The buyers told reporters they already hold letters of intent with prospective retail, restaurant and entertainment tenants and are in what they describe as "advanced discussions" to lock in financing to finish construction and stabilize the project, as reported by The Real Deal.
Records, addresses and a correction
Public filings put the sale price at $26.6 million, but reports differ slightly on the exact footprint and street address of the parcel. Commercial Observer reviewed property records showing a 28,033-square-foot site at 710 Northeast First Avenue and later issued a correction after initially misreporting that Lyle Stern had purchased the property. The outlet also noted that representatives for Flow did not immediately respond to requests for comment.
Where the parcel sits in Miami Worldcenter
The trade slots into the broader reshuffling inside the roughly 27-acre Miami Worldcenter master plan, where owners have been consolidating retail holdings and wrapping up new residential towers. Earlier this spring, the retail core and two garages shifted into a Falcone Group-led joint venture in a nine-figure deal, and Flow recently completed Flow House, a 41-story, 466-unit condominium tower across the promenade from the site, as covered in a nine-figure power move and when the Flow House tower lands.

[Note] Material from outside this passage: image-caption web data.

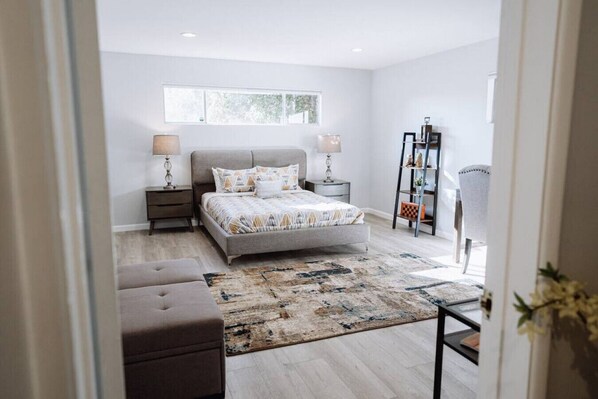 Un dormitorio con cama, mesitas de noche, una alfombra, una silla y un escritorio.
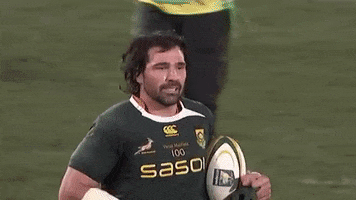 Sport gif. Victor Matfield, a South African rugby player, is on the field and he runs by holding the ball. He spots the cameras on him and he gives a closed lipped smile while waving his hand in the air.
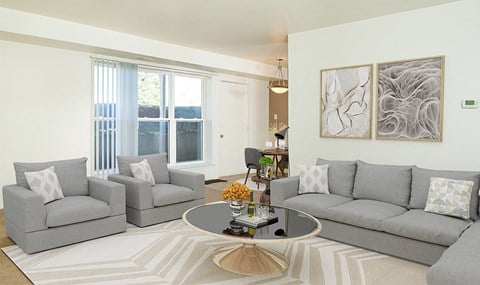 a living room with two gray couches and a coffee table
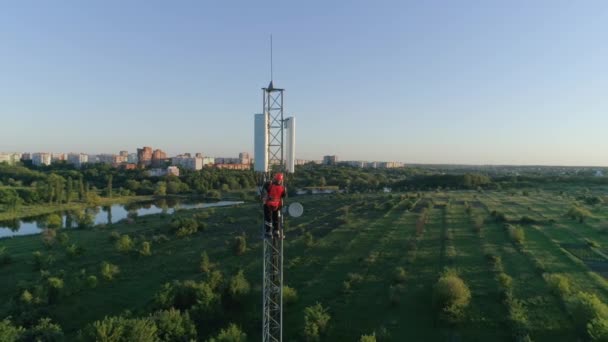 Κεραία πύργος επικοινωνίας, εναέρια άποψη του ανθρώπου λειτουργεί στο ύψος χρησιμοποιώντας εξοπλισμό ασφαλείας στο φόντο του ηλιοβασιλέματος — Αρχείο Βίντεο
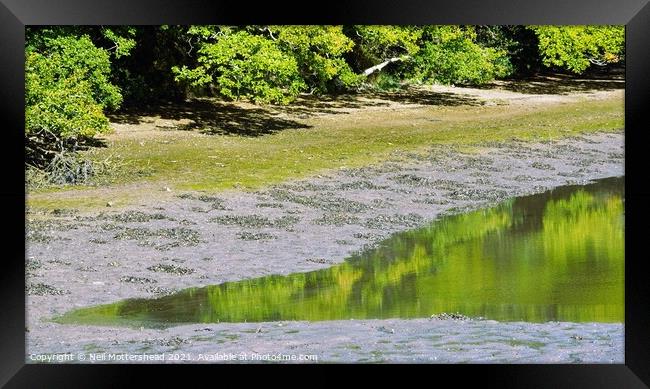 Incoming Tide Reflections Framed Print by Neil Mottershead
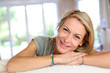 Beautiful blond mature woman relaxing in sofa
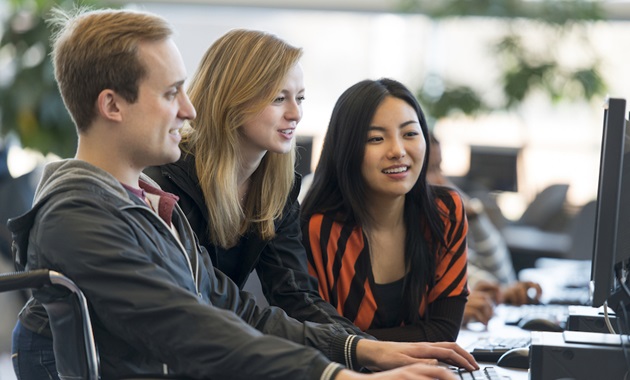 students looking at computer talking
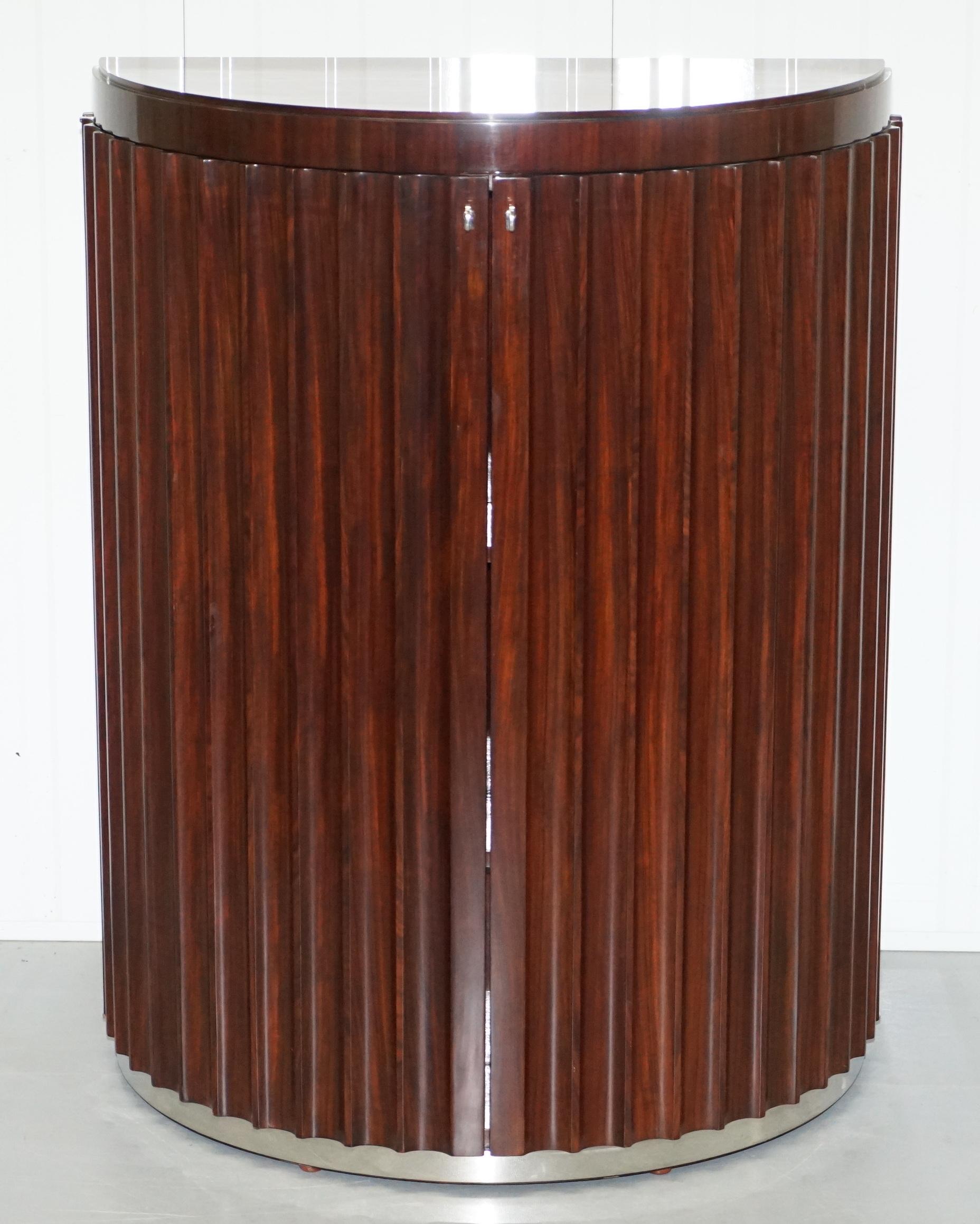 We are delighted to offer for sale this new ex-showroom stock Ralph Lauren RRP £10,500 penthouse fluted redwood bar cupboard which chrome fittings

I have recently taken into stock around 12 brand new showroom pieces from Ralph Lauren home, the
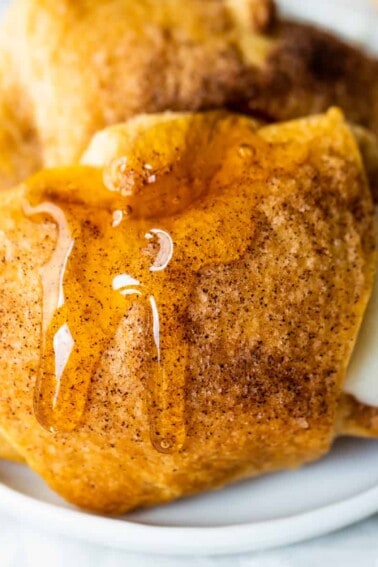 Baked sopapilla cheesecake rolls on a white plate with a drizzle of honey dripping down, a honey stirrer stick to the side.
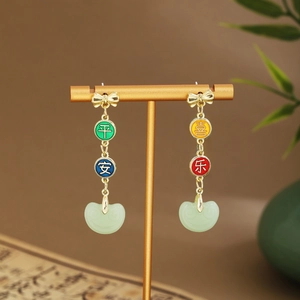 Detail of Chinese style earrings with gold tassels and green Ruyi jade-like pendants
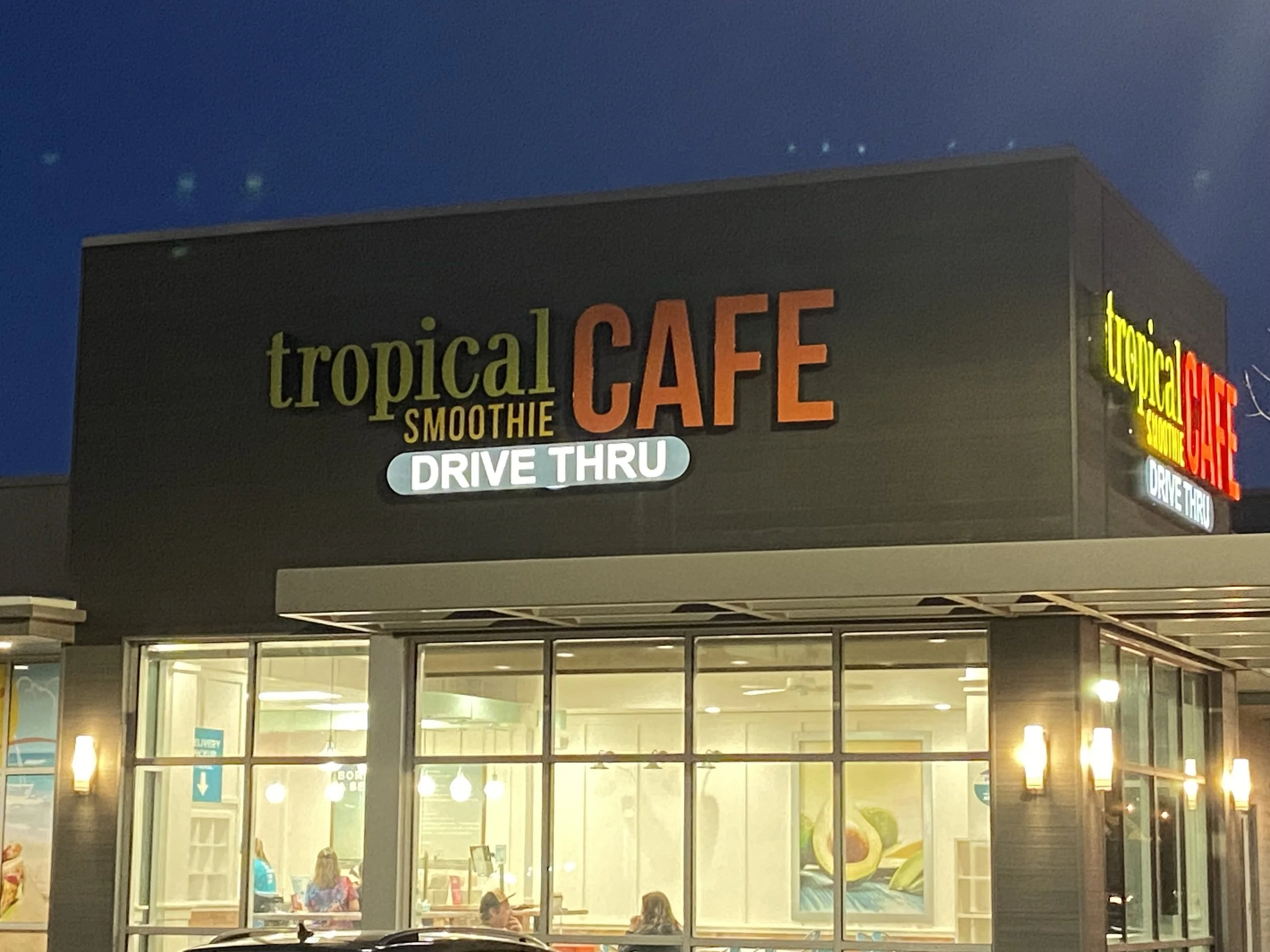 Nighttime exterior view of a Tropical Café with illuminated sign, featuring drive-thru, large glass windows showing people inside, and yellow lighting.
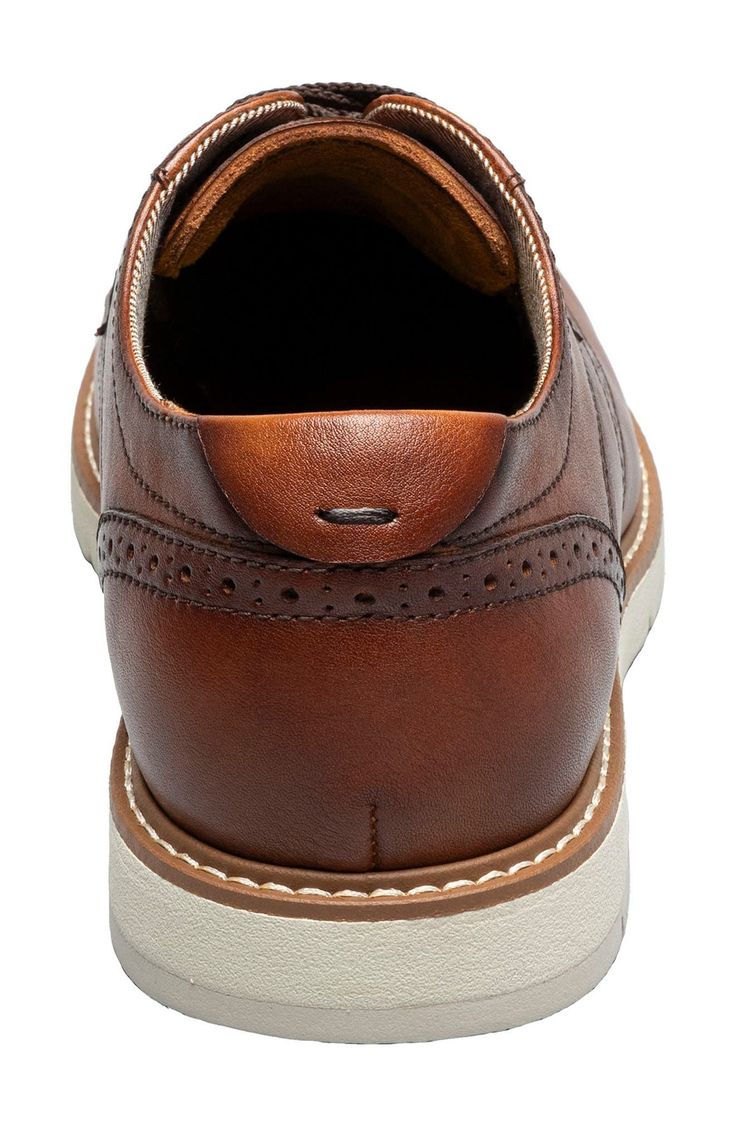 A wingtip toe and refined broguing add timeless style to this leather derby set on a cushioned sole for desk-to-dinner comfort. Cushioned insole Leather upper/textile lining/rubber sole Imported Cognac Wingtip Shoes For Business Casual, Cognac Wingtip Oxfords For Semi-formal Occasions, Classic Brown Wingtip Derby Shoes, Cognac Wingtip Oxfords With Leather Lining, Cognac Wingtip Oxfords For Business Casual, Classic Cushioned Oxfords For Semi-formal Occasions, Semi-formal Cognac Oxfords With Brogue Detailing, Classic Oxfords With Cushioned Footbed For Semi-formal Occasions, Classic Semi-formal Oxfords With Cushioned Footbed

Who is Lyle Stern and why the mix-up mattered
The brief confusion over whether Stern was the buyer underscored just how closely Miami's retail crowd tracks downtown deals. Stern is widely known in local retail circles. He co-founded Vertical Real Estate after a long run at Koniver Stern and also serves as president of the Lincoln Road Business Improvement District, according to his professional profile and the BID's filings. See his profile on LoopNet and the BID's public records at ProPublica.
For downtown observers, the real test now is whether the new owners can finish out the building and fill the ground-floor spaces that boosters have long pitched as Miami Worldcenter's economic engine. If they pull it off, the deal could speed up openings along the promenade. If they stall, the property risks becoming one more reminder that financing and leasing can still slow even the splashiest developments in the district.